In a quiet hospital room in North Carolina, an eager young doctor with a bright future evaluates his elderly patient with not much future left at all. She has a terminal heart condition, inoperable. All he can do is treat her symptoms and pain as the two of them wait for her time to run out. As the physician visits the dying woman during his daily rounds, they gradually get to know one another.
During one particularly poignant conversation, he learns that the woman is a deeply religious Christian. As a confident atheist, he assumes that as her condition deteriorates, her faith will do the same, as she realizes her God is not coming to the rescue. Yet with every passing day, his patient’s faith seems to grow stronger even as her body weakens.
Having been exposed years earlier to the writings of Heisenberg, Dirac, and Einstein, the doctor finds his patient’s religious beliefs antiquated but charming. But then, he is taken aback by her forthright inquiry: “Doctor, I have been telling you what I believe, but what do you believe?”

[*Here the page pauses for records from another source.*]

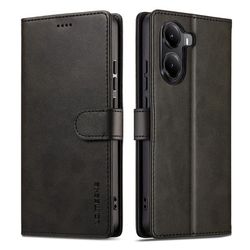 LC.IMEEKE Xiaomi Poco X7 Pro flip etui - Svart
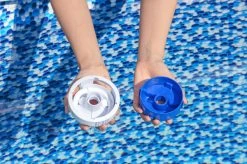 BESTWAY Hydrium Pool Komplett-Set, Grau, Stahl/PVC, 610x360x120cm, Oval, Mit Sandfilter, Leiter, Abdeck- Und Bodenplane -Warmer Garten 21949 14.jpg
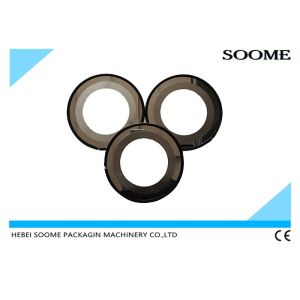 Hard Material Circular Rotary Corrugated Blade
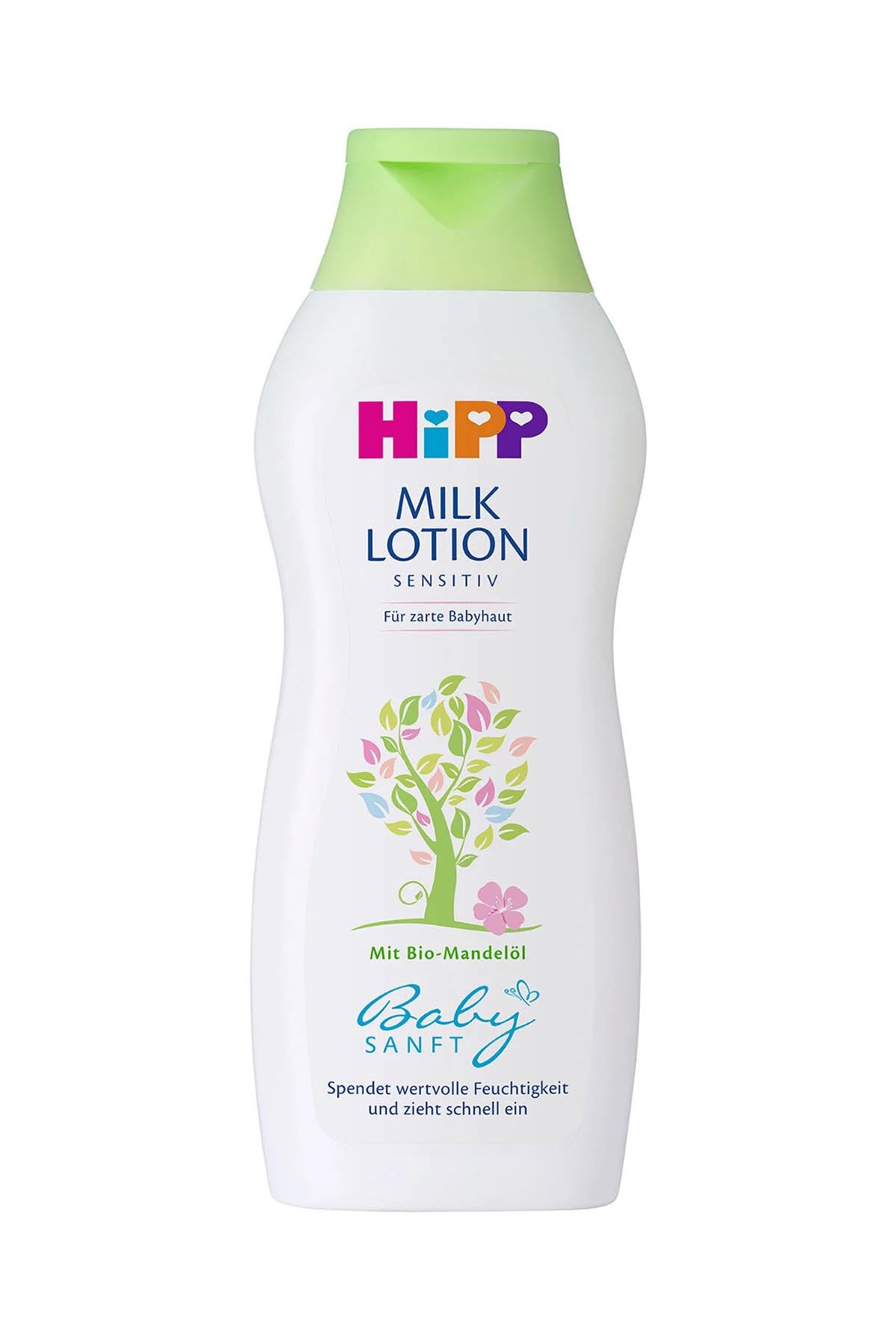 HiPP BABYSANFT Vücut Losyonu 350 ml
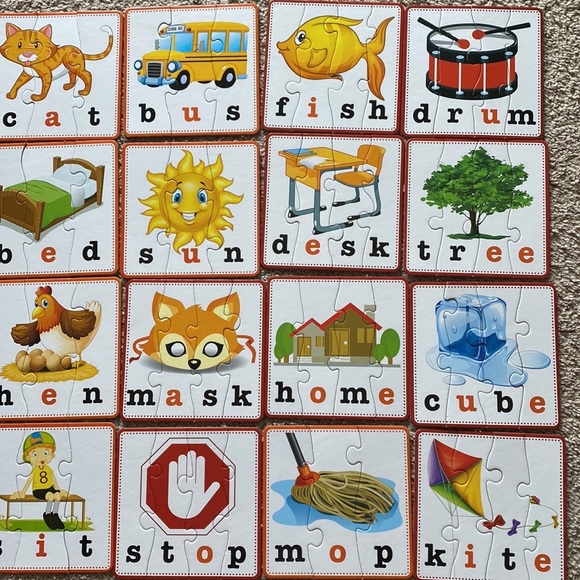 Learn & Climb Kids Puzzle Kit - Picture 10 of 11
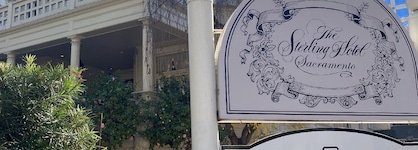 The Sterling Hotel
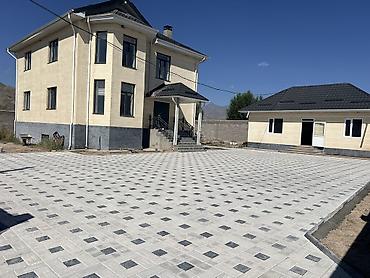Евробрусчатка: Евробрусчатка, Другая модель, Под камень, Литая, Новый — 7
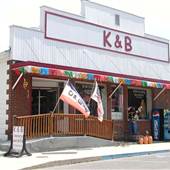 K & B Variety & Gifts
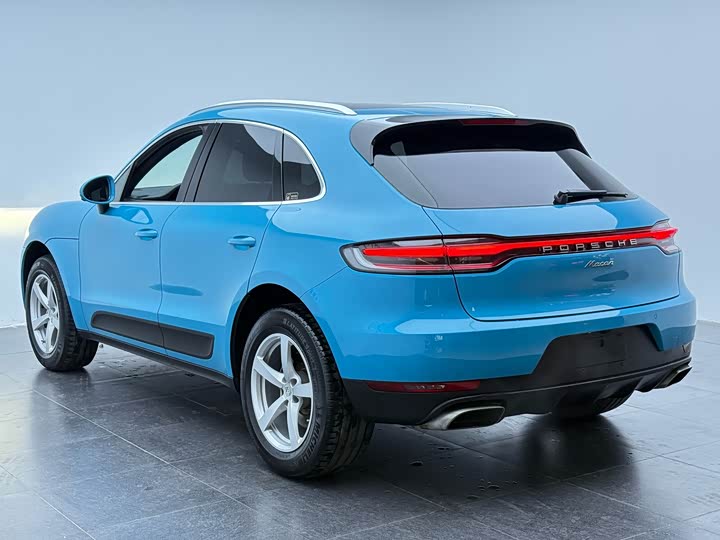 Фото 7 - Porsche Macan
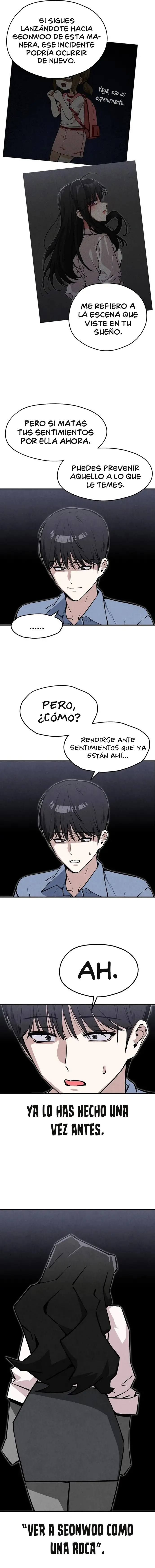 Solo te puedo ver a ti capítulo 9, página 17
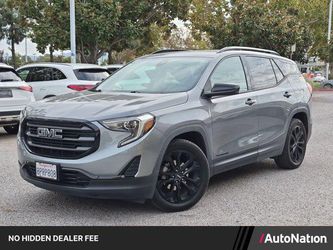 2020 GMC Terrain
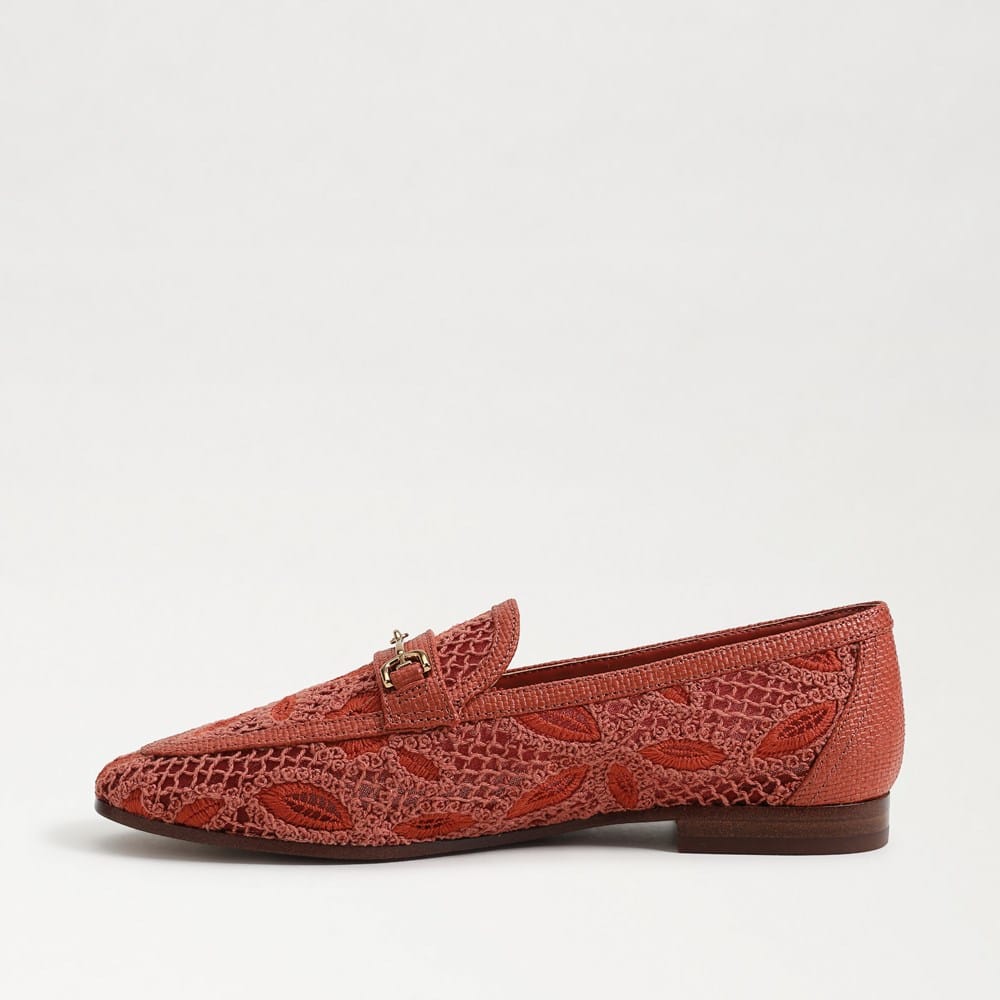 Loraine Mesh Bit Loafer - Image 4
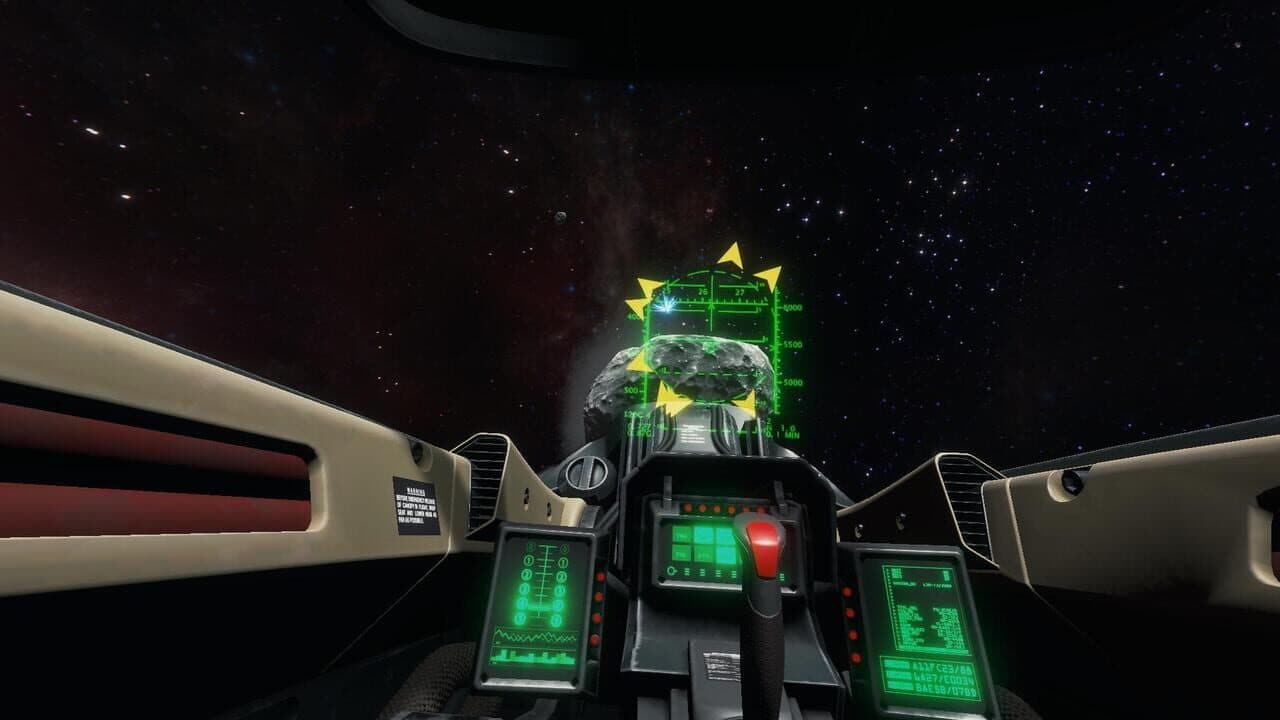 Asteroids VR thumbnail 4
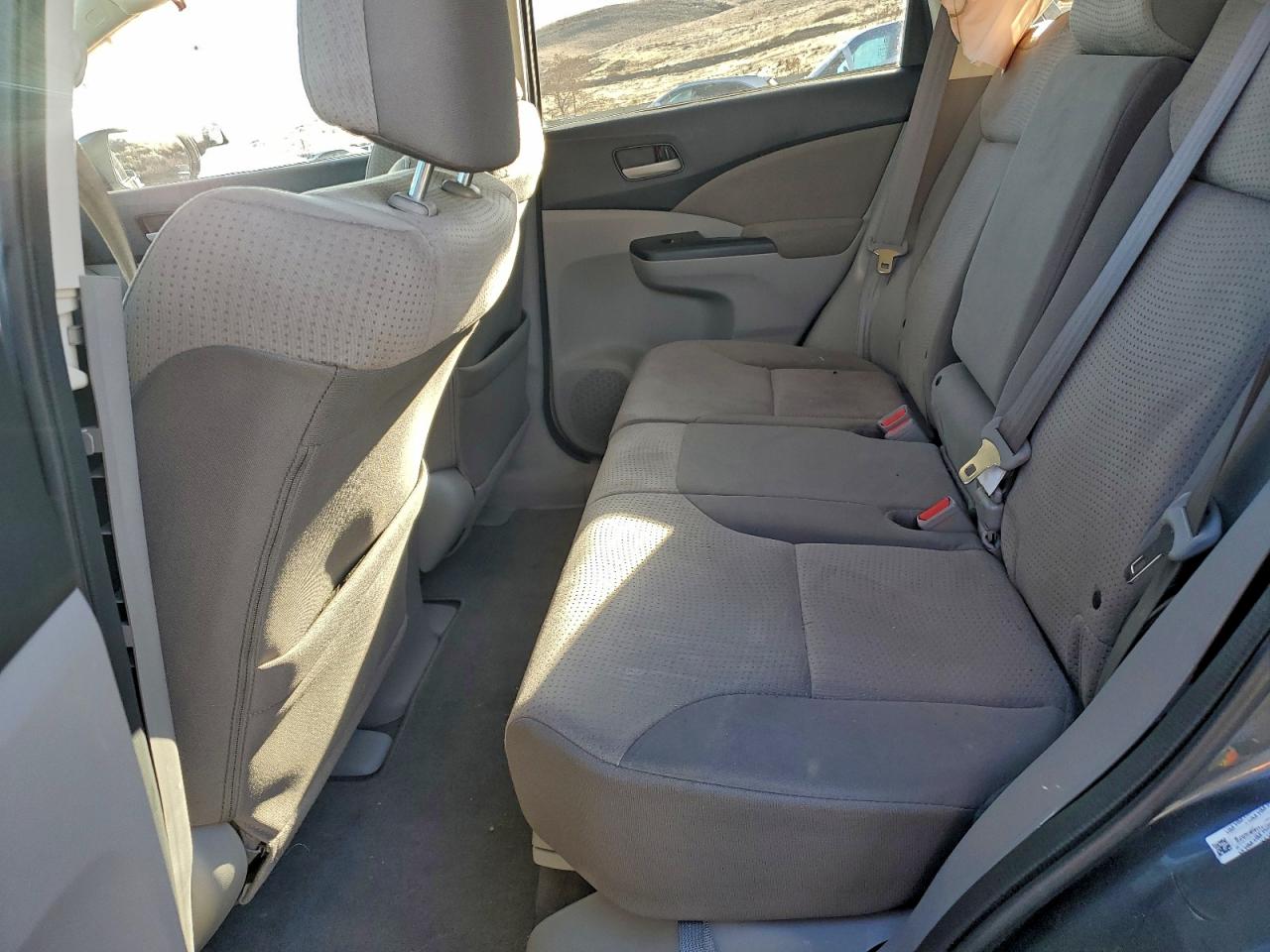 2014 HONDA CR-V EX photo 11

It’s not that he takes no joy in what his patient would call “creation.” Rather, he finds the universe deeply satisfying. He has long relished the idea that it can be understood and explained in discrete mathematical formulae—that it can present no dilemma that a robust theorem cannot answer. But in this case, he is shaken a bit when asked about belief.
He murmurs something about the beauty of the natural world and leaves the conversation with a degree of unease. He is one of the best trained scientists of his generation. By his own reckoning, there is no one who better understands the systems and laws that keep nature running. But he is deeply unsettled by the way the dying woman sleeps peacefully in her hospital bed while he lies awake each night haunted by her question.
…Over the next two years, the young physician reads voraciously about Buddhism, Christianity, Hinduism, Islam, and Judaism, examining the data about their roots and their claims, seeking to find one that would help him satisfactorily answer the dying woman’s question.
Ultimately, while hiking in Oregon’s Cascade Mountains, he comes to the conclusion that the claims of Christianity best explain what he sees around him. He begins to embrace the faith of his former patient, who had begun a kind of “cascade” within him with her one honest question. His radical internal shift doesn’t change much on the outside. He still loves his work as a scientist and doesn’t intend to redirect his efforts into religious service.
His sense of meaning and purpose, however, has refocused entirely. Indeed, this faith decision would become the fulcrum for a career that would eventually reach the apex of scientific renown and public service. This is the story of Francis Collins, one of our generation’s leading scientific authorities.
…His faith decision became a significant turning point, one that not only shaped his life but—by virtue of his leadership roles in the decades since—the lives of many others.